- AIM OF THE EXERCISE
The data that follows is to be copied exactly, with each image removed.

ENTRIES SHOWN section start

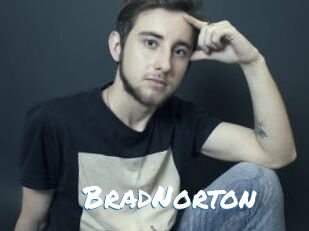 BradNorton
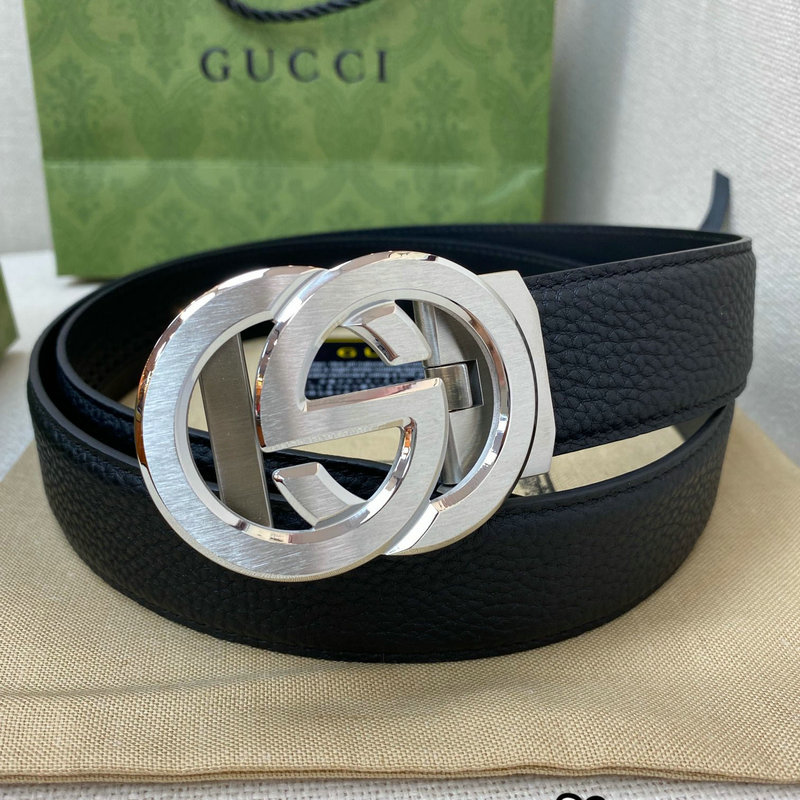 FASH Gucci Belts 2201XA0127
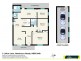 2 Loftus Lane, Nambucca Heads NSW 2448 Floorplan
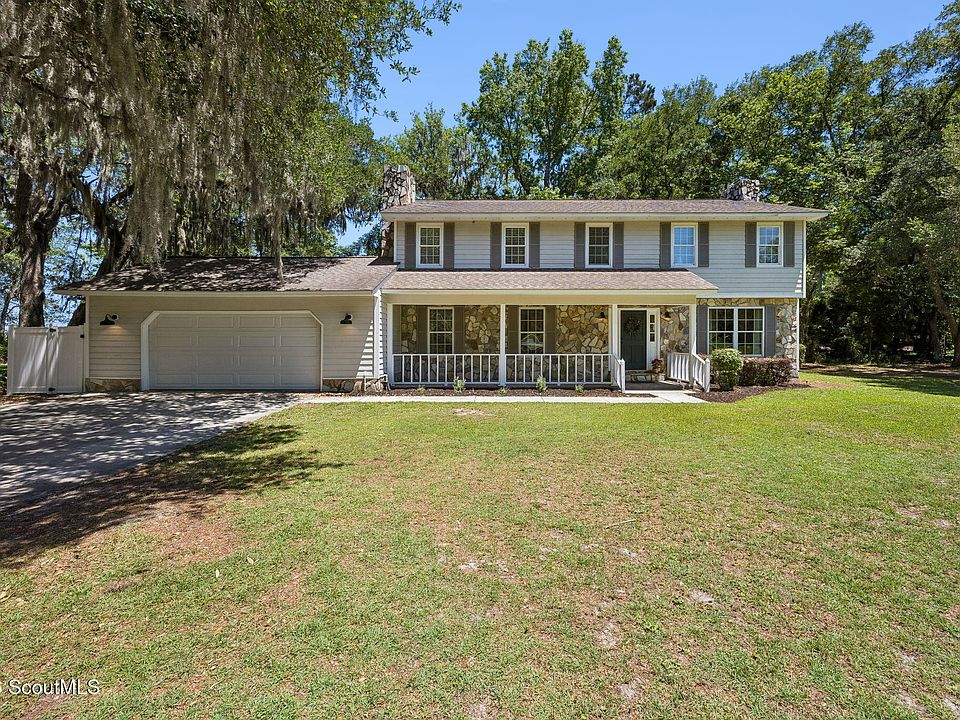 1st image of 26 Anglers Cove Way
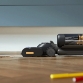 Philips XW7264/11 AquaTrio brezžični sesalnik za sesanje in pomivanje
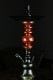��OUTLET SALE��UPTAIL HOOKAH" Woods"���åץơ���ա���"���å���60cm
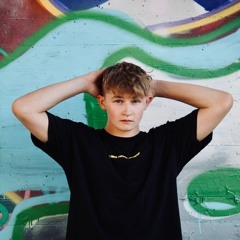 Teo Koch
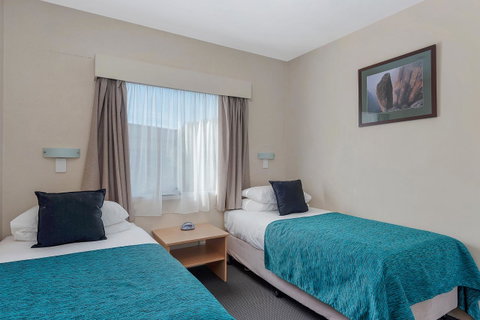 Bay View Villas - Accommodation Search 22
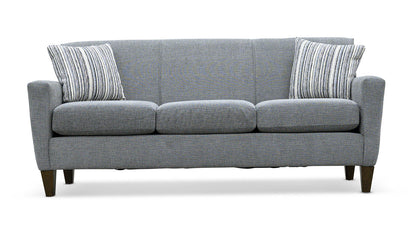 Digby Sofa
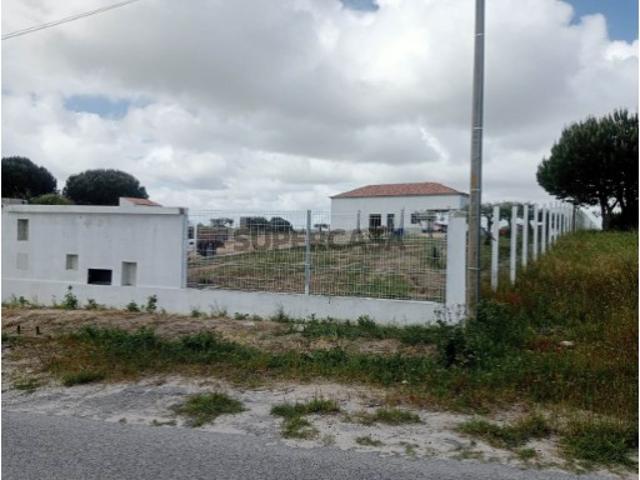 Casa venda em Palmela, Setúbal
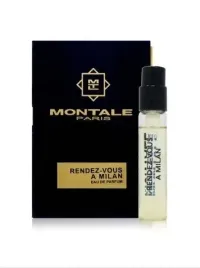 probka-montale-rendez-vous-a-milan-edp-u-2ml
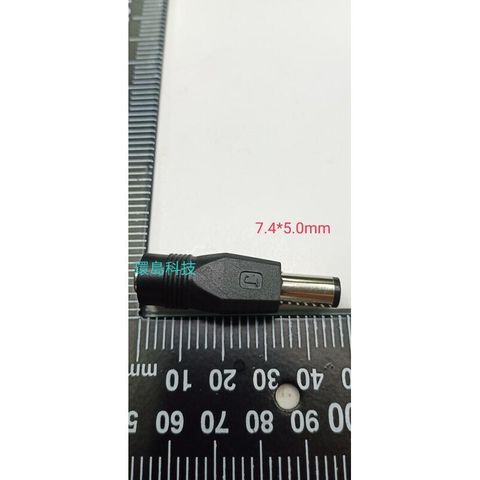 e880d39b23a3070618c975421eb197f1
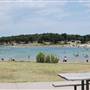 Ray Roberts Lake State Park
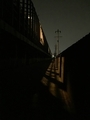 20160405203821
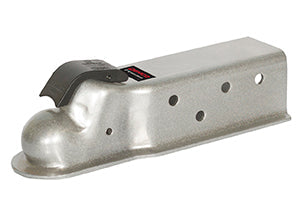 Demco EZ-Latch Trailer Coupler | 7 Part Numbers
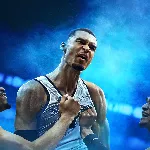✅ ❤ ️NBA 2K27❤ ️XBOX SERIES X|S🔑 КЛЮЧ✅ 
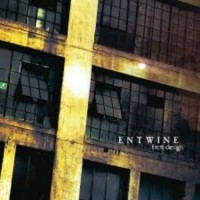 ENTWINE - Fatal design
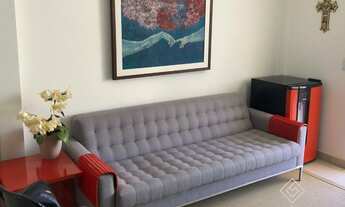 Imagem 4: Apartamento 3 Quartos Perto da Praia, Porto das Dunas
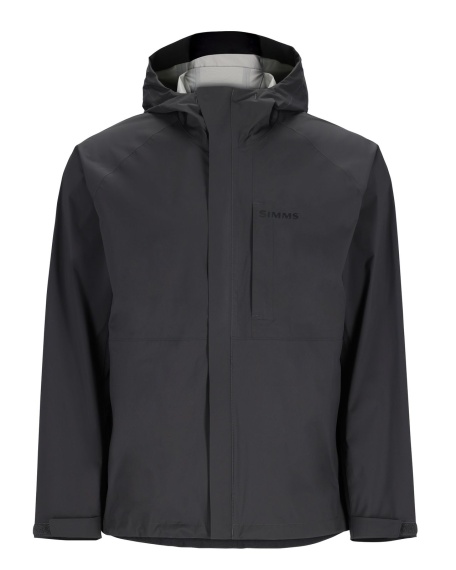 Simms Waypoints Jacket Slate in de groep Nieuws bij Sportfiskeprylar.se (13676-096-20r)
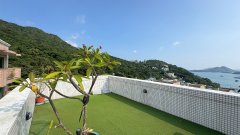 早禾坑村 西貢 000905 售盤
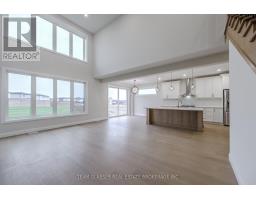 67 ALLISTER DRIVE - 15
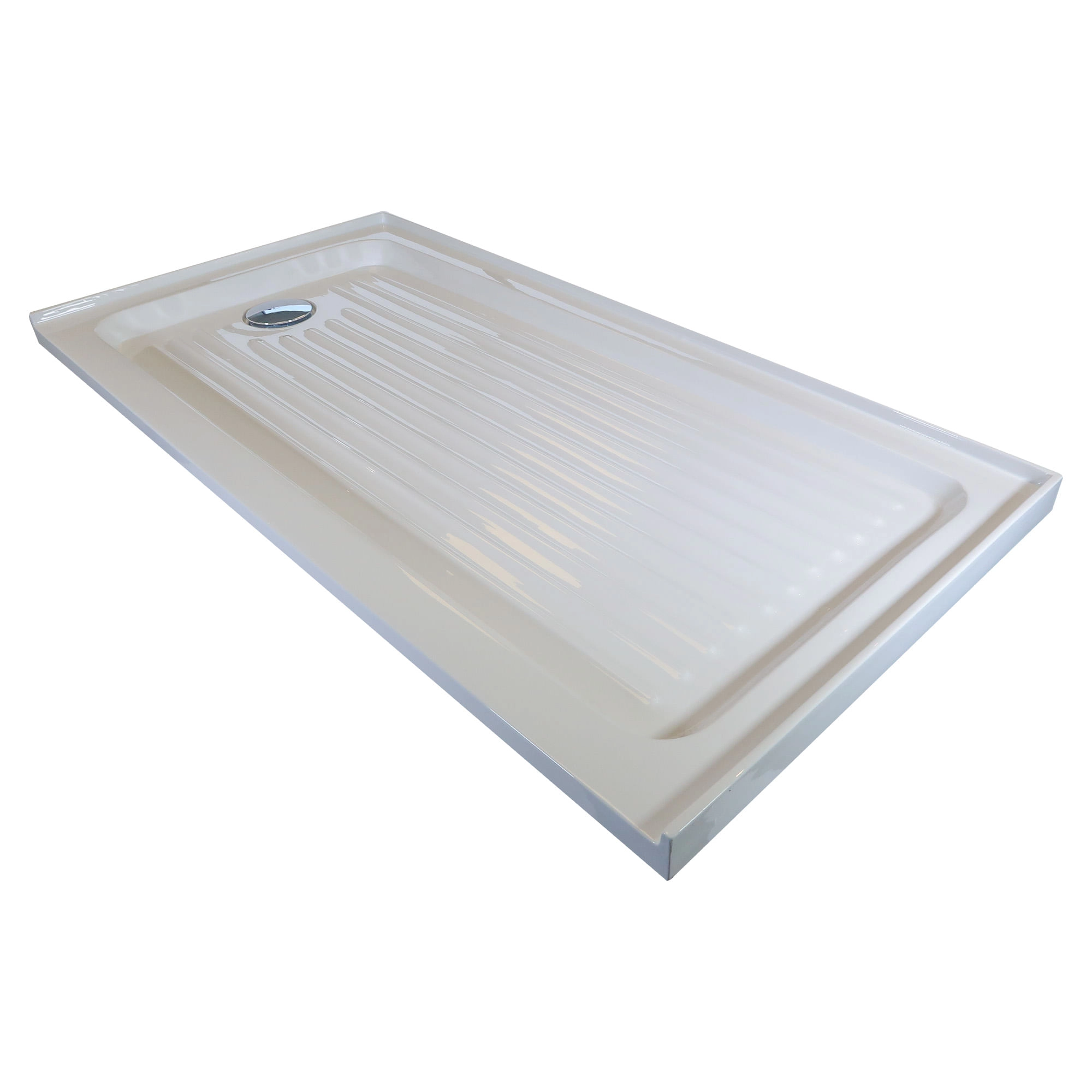 Receptáculo Kai Derecho 1020x710 mm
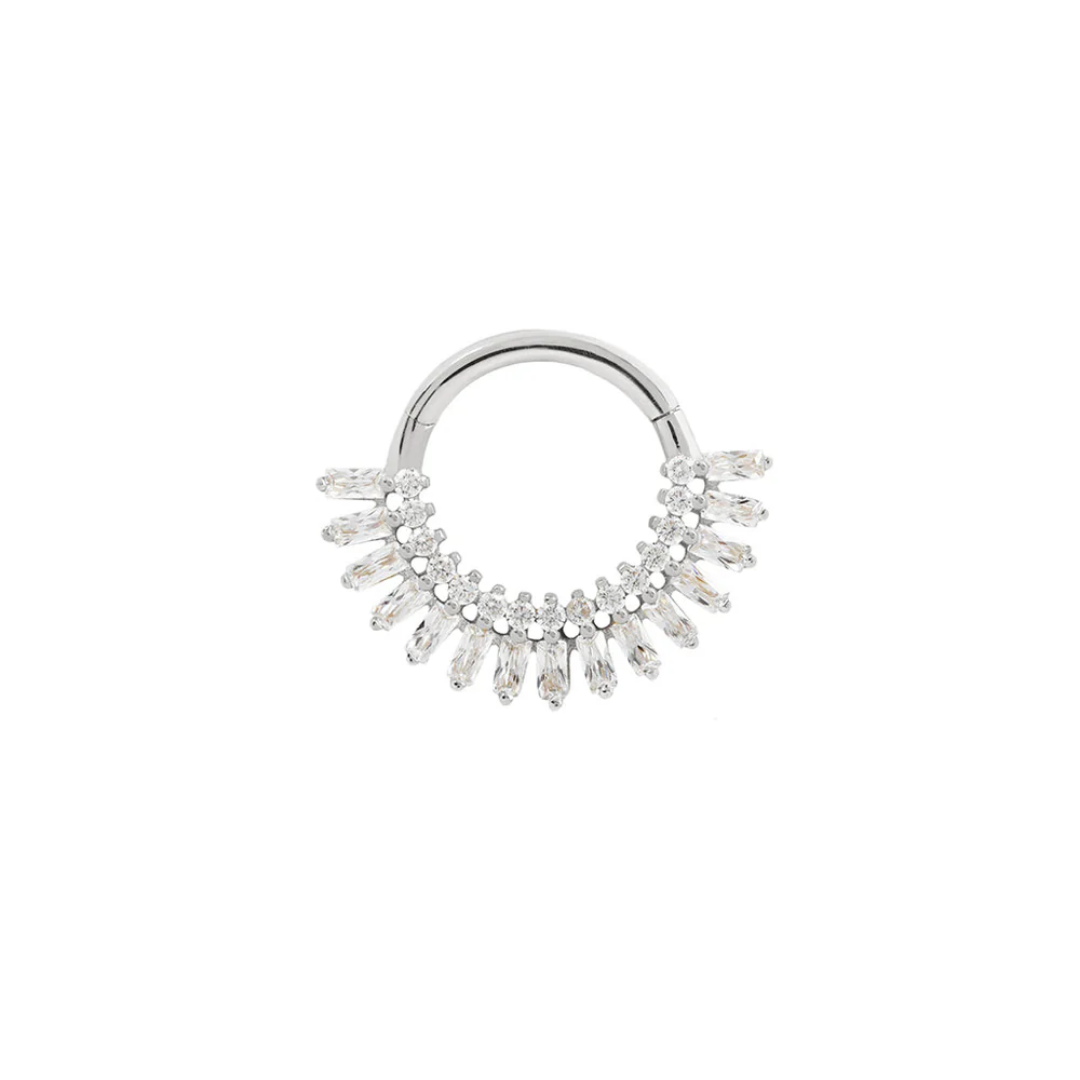 Hypnotic - CZ - Clicker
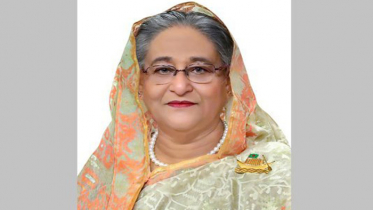 জনগণের গণতান্ত্রিক অধিকার রক্ষায় সরকার বদ্ধপরিকর: প্রধানমন্ত্রী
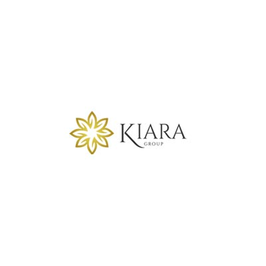 Kiara Group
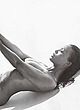 Aisha Tyler naked pics - goes nude and sexy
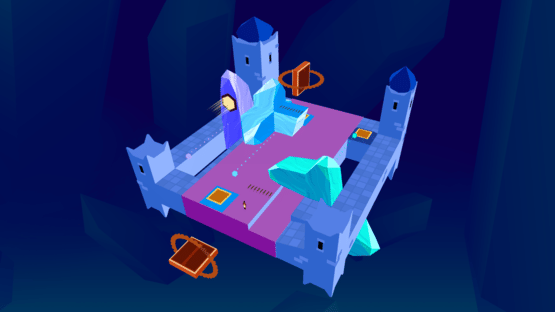 Percipio Screenshot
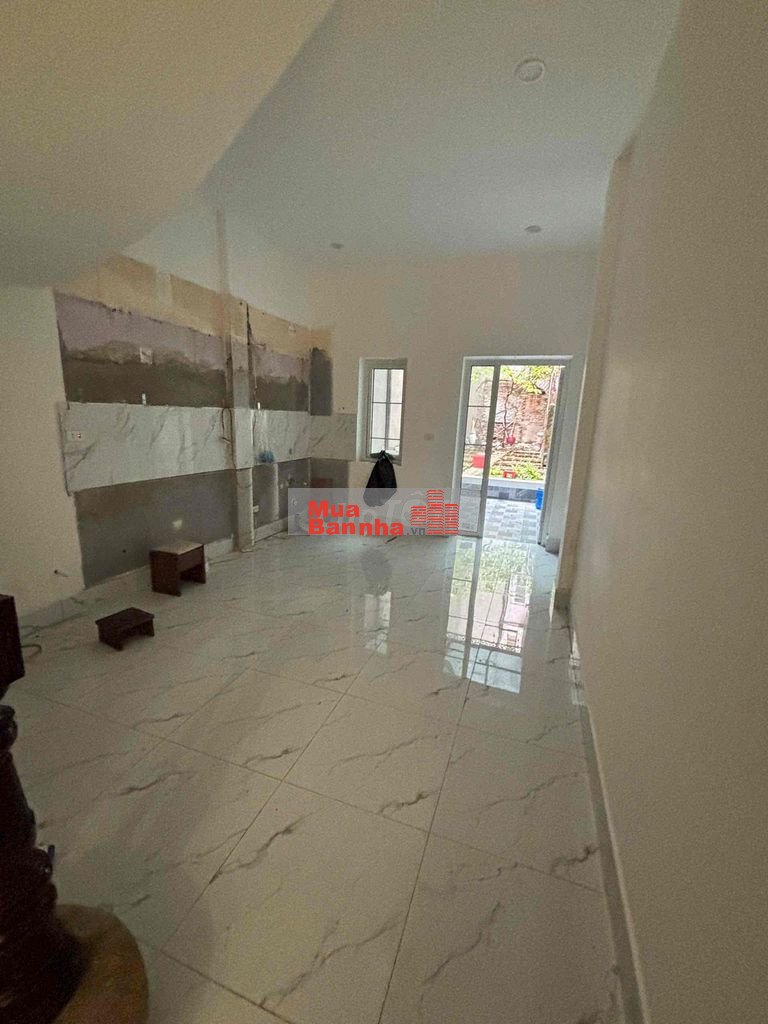 bán nhà riêng ở lệnh cư , khâm thiên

ENTRIES SHOWN section end

- EXERCISE OUTPUT
 BradNorton
 FASH Gucci Belts 2201XA0127
 2 Loftus Lane, Nambucca Heads NSW 2448 Floorplan
 1st image of 26 Anglers Cove Way
 Philips XW7264/11 AquaTrio brezžični sesalnik za sesanje in pomivanje
��OUTLET SALE��UPTAIL HOOKAH" Woods"���åץơ���ա���"���å���60cm
 Teo Koch
 Bay View Villas - Accommodation Search 22
 Digby Sofa
 Casa venda em Palmela, Setúbal
 probka-montale-rendez-vous-a-milan-edp-u-2ml
 e880d39b23a3070618c975421eb197f1
 Ray Roberts Lake State Park
 20160405203821
 Demco EZ-Latch Trailer Coupler | 7 Part Numbers
✅ ❤ ️NBA 2K27❤ ️XBOX SERIES X|S🔑 КЛЮЧ✅ 
 ENTWINE - Fatal design
 Imagem 4: Apartamento 3 Quartos Perto da Praia, Porto das Dunas
 Simms Waypoints Jacket Slate in de groep Nieuws bij Sportfiskeprylar.se (13676-096-20r)
 早禾坑村 西貢 000905 售盤
 67 ALLISTER DRIVE - 15
 Receptáculo Kai Derecho 1020x710 mm
 Hypnotic - CZ - Clicker
 জনগণের গণতান্ত্রিক অধিকার রক্ষায় সরকার বদ্ধপরিকর: প্রধানমন্ত্রী
 Kiara Group
 Aisha Tyler naked pics - goes nude and sexy
 Percipio Screenshot
 bán nhà riêng ở lệnh cư , khâm thiên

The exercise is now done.